Search code examples
stringsmalltalkpharovisualworksdolphin-smalltalk

Indices of a substring in Smalltalk


It seems Smalltalk implementations misses an algorithm which return all the indices of a substring in a String. The most similar ones returns only one index of an element, for example : firstIndexesOf:in: , findSubstring:, findAnySubstring: variants.

There are implementations in Ruby but the first one relies on a Ruby hack, the second one does not work ignoring overlapping Strings and the last one uses an Enumerator class which I don't know how to translate to Smalltalk. I wonder if this Python implementation is the best path to start since considers both cases, overlapping or not and does not uses regular expressions.

My goal is to find a package or method which provides the following behavior:

'ABDCDEFBDAC' indicesOf: 'BD'. "#(2 8)"

When overlapping is considered:

'nnnn' indicesOf: 'nn' overlapping: true. "#(0 2)"

When overlapping is not considered:

'nnnn' indicesOf 'nn' overlapping: false. "#(0 1 2)"

In Pharo, when a text is selected in a Playground, a scanner detects the substring and highlights matches. However I couldn't find a String implementation of this.

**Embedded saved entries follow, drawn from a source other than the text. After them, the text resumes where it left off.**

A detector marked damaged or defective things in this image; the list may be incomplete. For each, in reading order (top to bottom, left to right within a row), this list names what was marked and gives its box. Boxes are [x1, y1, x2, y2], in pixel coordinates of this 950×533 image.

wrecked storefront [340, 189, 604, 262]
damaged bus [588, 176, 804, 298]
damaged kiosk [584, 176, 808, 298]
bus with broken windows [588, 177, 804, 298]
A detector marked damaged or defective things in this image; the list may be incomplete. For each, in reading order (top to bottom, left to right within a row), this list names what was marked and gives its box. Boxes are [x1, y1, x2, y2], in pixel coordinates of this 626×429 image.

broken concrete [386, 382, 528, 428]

My best effort so far results in this implementation in String (Pharo 6):

indicesOfSubstring: subString
  | indices i |

  indices := OrderedCollection new: self size.
  i := 0.
  [ (i := self findString: subString startingAt: i + 1) > 0 ] whileTrue: [
    indices addLast: i ].
  ^ indices

Solution

  • Let me firstly clarify that Smalltalk collections are 1-based, not 0-based. Therefore your examples should read

    'nnnn' indexesOf: 'nn' overlapping: false. "#(1 3)"
    'nnnn' indexesOf: 'nn' overlapping: true. "#(1 2 3)"
    

    Note that I've also taken notice of @lurker's observation (and have tweaked the selector too).

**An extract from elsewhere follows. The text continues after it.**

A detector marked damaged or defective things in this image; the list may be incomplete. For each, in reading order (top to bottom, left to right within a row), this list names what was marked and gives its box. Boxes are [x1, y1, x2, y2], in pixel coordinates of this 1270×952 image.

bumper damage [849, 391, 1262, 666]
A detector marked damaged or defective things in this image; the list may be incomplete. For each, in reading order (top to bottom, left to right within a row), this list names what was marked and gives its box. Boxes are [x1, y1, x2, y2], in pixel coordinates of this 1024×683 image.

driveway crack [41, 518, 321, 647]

    Now, starting from your code I would change it as follows:

    indexesOfSubstring: subString overlapping: aBoolean
      | n indexes i |
      n := subString size.
      indexes := OrderedCollection new.                            "removed the size"
      i := 1.                                                      "1-based"
      [
        i := self findString: subString startingAt: i.             "split condition"
        i > 0]
      whileTrue: [
        indexes add: i.                                            "add: = addLast:"
        i := aBoolean ifTrue: [i + 1] ifFalse: [i + n]].           "new!"
      ^indexes
    

    Make sure you write some few unit tests (and don't forget to exercise the border cases!)